* [Records shown]
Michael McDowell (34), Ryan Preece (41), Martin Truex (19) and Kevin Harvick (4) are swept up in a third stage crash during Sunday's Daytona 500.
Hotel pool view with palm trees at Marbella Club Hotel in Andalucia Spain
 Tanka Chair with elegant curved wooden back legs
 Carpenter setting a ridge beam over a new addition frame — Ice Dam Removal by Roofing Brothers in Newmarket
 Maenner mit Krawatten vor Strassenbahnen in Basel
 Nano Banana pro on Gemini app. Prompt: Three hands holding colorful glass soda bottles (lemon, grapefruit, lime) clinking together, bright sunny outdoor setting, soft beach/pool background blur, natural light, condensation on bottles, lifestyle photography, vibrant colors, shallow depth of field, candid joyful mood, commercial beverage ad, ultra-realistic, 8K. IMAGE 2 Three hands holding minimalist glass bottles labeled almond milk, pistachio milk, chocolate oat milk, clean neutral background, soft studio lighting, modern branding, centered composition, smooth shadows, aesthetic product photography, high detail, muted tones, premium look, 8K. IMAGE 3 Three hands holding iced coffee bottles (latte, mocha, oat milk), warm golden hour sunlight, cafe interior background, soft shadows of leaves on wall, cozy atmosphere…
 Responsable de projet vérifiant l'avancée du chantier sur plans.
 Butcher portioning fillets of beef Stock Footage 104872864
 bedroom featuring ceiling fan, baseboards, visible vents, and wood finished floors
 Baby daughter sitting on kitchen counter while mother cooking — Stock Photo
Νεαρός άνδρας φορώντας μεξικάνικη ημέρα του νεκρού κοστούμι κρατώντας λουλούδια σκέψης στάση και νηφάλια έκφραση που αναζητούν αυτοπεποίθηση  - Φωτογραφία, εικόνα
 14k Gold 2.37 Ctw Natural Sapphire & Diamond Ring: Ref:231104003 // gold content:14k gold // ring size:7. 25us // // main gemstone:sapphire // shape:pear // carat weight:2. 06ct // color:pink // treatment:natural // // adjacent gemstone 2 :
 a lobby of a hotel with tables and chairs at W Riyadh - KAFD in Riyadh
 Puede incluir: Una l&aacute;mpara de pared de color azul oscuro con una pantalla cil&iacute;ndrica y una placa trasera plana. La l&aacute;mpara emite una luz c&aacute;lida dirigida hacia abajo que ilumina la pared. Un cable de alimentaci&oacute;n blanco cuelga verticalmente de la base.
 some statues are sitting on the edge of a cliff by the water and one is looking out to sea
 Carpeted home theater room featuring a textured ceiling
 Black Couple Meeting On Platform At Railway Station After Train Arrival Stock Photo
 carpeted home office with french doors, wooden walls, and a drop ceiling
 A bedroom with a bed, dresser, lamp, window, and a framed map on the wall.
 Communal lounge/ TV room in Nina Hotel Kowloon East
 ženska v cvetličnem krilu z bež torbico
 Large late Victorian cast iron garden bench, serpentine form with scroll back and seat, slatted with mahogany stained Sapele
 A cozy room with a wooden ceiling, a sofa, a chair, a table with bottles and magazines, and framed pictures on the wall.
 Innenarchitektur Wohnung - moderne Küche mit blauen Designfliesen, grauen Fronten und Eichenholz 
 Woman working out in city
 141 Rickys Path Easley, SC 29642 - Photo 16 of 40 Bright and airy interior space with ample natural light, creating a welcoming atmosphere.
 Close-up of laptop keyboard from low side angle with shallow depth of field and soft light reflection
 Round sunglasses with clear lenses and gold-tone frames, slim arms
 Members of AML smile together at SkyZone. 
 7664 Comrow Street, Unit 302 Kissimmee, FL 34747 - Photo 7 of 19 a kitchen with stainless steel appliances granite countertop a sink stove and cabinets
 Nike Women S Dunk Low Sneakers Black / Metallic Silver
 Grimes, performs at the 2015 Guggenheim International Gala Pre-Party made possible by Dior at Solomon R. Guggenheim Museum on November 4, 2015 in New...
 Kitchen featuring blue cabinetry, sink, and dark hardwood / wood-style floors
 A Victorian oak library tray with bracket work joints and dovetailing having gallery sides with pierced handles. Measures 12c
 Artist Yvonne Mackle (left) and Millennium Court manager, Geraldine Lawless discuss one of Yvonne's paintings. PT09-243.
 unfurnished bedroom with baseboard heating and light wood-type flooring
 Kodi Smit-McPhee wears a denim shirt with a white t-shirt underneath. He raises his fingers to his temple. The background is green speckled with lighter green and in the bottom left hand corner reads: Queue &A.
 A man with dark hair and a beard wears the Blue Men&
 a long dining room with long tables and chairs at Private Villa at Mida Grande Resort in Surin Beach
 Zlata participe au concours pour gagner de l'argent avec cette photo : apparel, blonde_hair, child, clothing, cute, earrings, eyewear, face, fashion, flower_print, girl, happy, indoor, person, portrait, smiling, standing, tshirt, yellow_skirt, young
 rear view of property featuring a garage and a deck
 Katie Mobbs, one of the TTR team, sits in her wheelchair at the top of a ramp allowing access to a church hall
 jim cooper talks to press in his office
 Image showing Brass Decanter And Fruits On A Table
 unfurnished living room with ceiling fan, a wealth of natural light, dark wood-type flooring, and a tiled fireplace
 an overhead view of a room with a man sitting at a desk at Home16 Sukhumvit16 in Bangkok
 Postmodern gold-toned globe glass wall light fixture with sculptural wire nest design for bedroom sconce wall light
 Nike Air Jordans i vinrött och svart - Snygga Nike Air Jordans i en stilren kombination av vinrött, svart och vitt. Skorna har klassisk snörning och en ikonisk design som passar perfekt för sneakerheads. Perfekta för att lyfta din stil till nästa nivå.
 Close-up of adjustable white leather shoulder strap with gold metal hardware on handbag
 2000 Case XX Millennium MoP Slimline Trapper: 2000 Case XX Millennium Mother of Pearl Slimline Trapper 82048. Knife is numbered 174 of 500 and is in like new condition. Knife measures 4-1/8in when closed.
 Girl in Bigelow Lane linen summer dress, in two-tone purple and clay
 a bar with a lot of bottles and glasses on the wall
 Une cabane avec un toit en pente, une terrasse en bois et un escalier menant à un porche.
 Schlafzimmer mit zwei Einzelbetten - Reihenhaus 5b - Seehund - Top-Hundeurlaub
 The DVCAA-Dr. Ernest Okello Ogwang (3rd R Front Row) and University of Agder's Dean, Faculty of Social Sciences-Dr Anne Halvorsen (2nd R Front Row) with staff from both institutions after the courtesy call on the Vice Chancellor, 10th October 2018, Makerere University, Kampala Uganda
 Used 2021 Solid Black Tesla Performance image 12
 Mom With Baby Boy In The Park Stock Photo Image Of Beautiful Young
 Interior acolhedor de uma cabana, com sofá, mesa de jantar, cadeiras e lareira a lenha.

* [Aim of the exercise] Restate word for word the lines of the data above, starting at the line containing "Woman working out in city" and ending at the line containing "unfurnished bedroom with", both included, and nothing more.

* [Answer for the task]
 Woman working out in city
 141 Rickys Path Easley, SC 29642 - Photo 16 of 40 Bright and airy interior space with ample natural light, creating a welcoming atmosphere.
 Close-up of laptop keyboard from low side angle with shallow depth of field and soft light reflection
 Round sunglasses with clear lenses and gold-tone frames, slim arms
 Members of AML smile together at SkyZone. 
 7664 Comrow Street, Unit 302 Kissimmee, FL 34747 - Photo 7 of 19 a kitchen with stainless steel appliances granite countertop a sink stove and cabinets
 Nike Women S Dunk Low Sneakers Black / Metallic Silver
 Grimes, performs at the 2015 Guggenheim International Gala Pre-Party made possible by Dior at Solomon R. Guggenheim Museum on November 4, 2015 in New...
 Kitchen featuring blue cabinetry, sink, and dark hardwood / wood-style floors
 A Victorian oak library tray with bracket work joints and dovetailing having gallery sides with pierced handles. Measures 12c
 Artist Yvonne Mackle (left) and Millennium Court manager, Geraldine Lawless discuss one of Yvonne's paintings. PT09-243.
 unfurnished bedroom with baseboard heating and light wood-type flooring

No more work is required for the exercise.